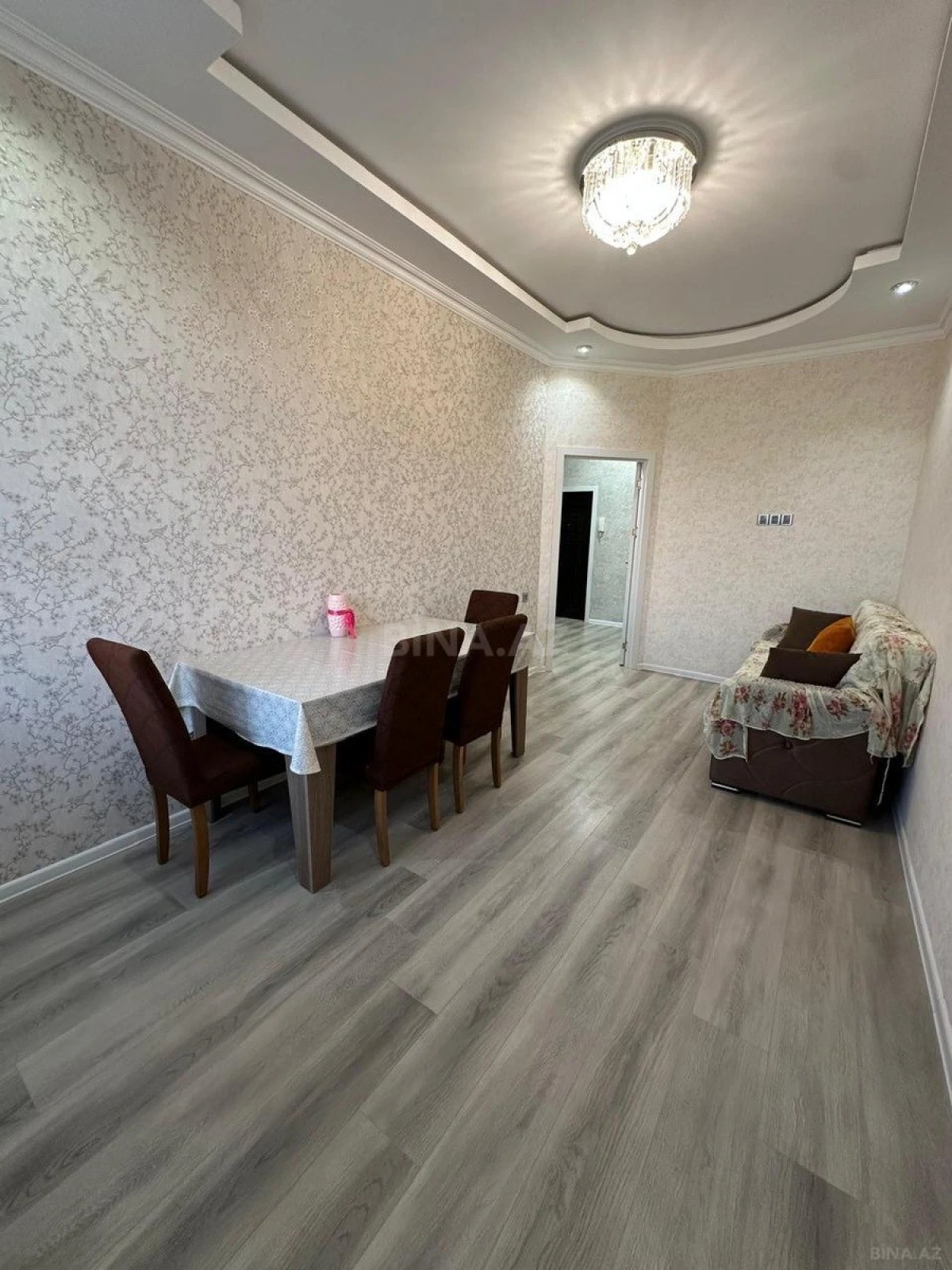 Kirayə verilir 2 otaqlı mənzil 55 m²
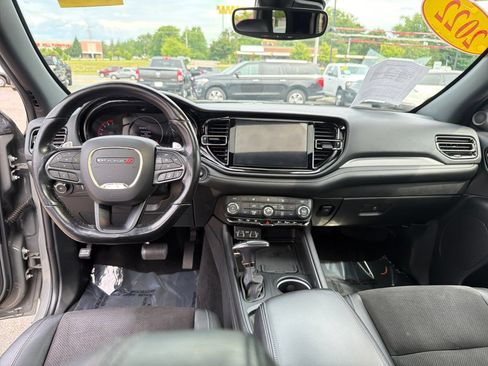 Used 2022 Dodge Durango GT RWD image 13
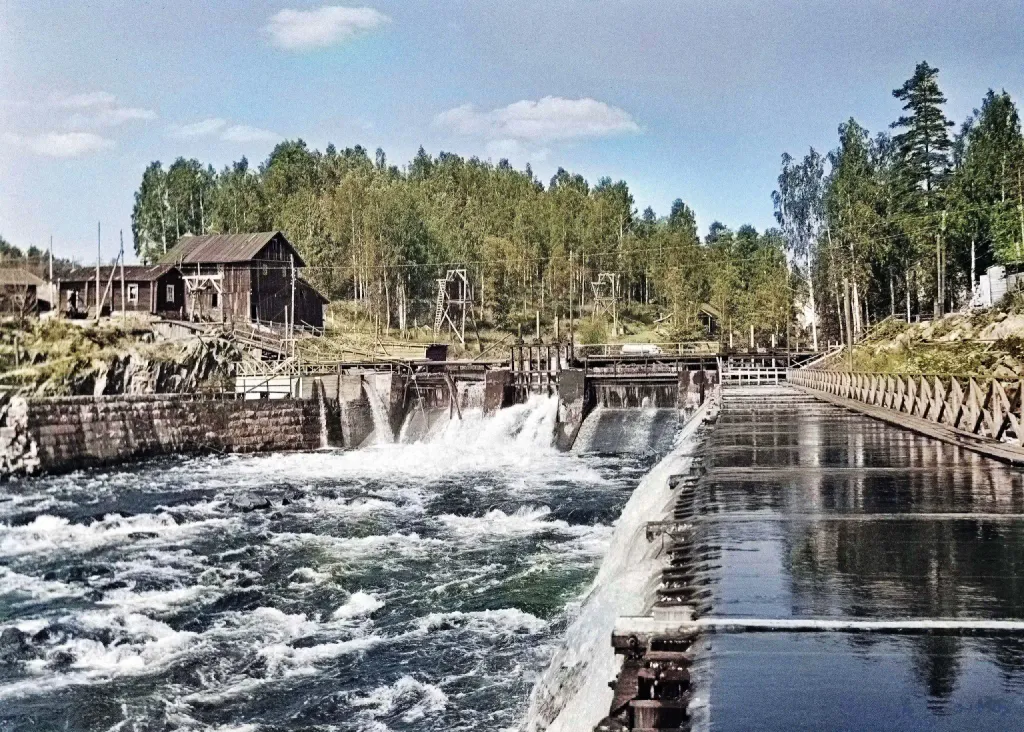 Harlu, Leppäkosken tehtaat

- [What you are asked to do]: Please repeat all of the data exactly, excluding images.

- [Task solution]:
 Kirayə verilir 2 otaqlı mənzil 55 m²
 Used 2022 Dodge Durango GT RWD image 13
 Harlu, Leppäkosken tehtaat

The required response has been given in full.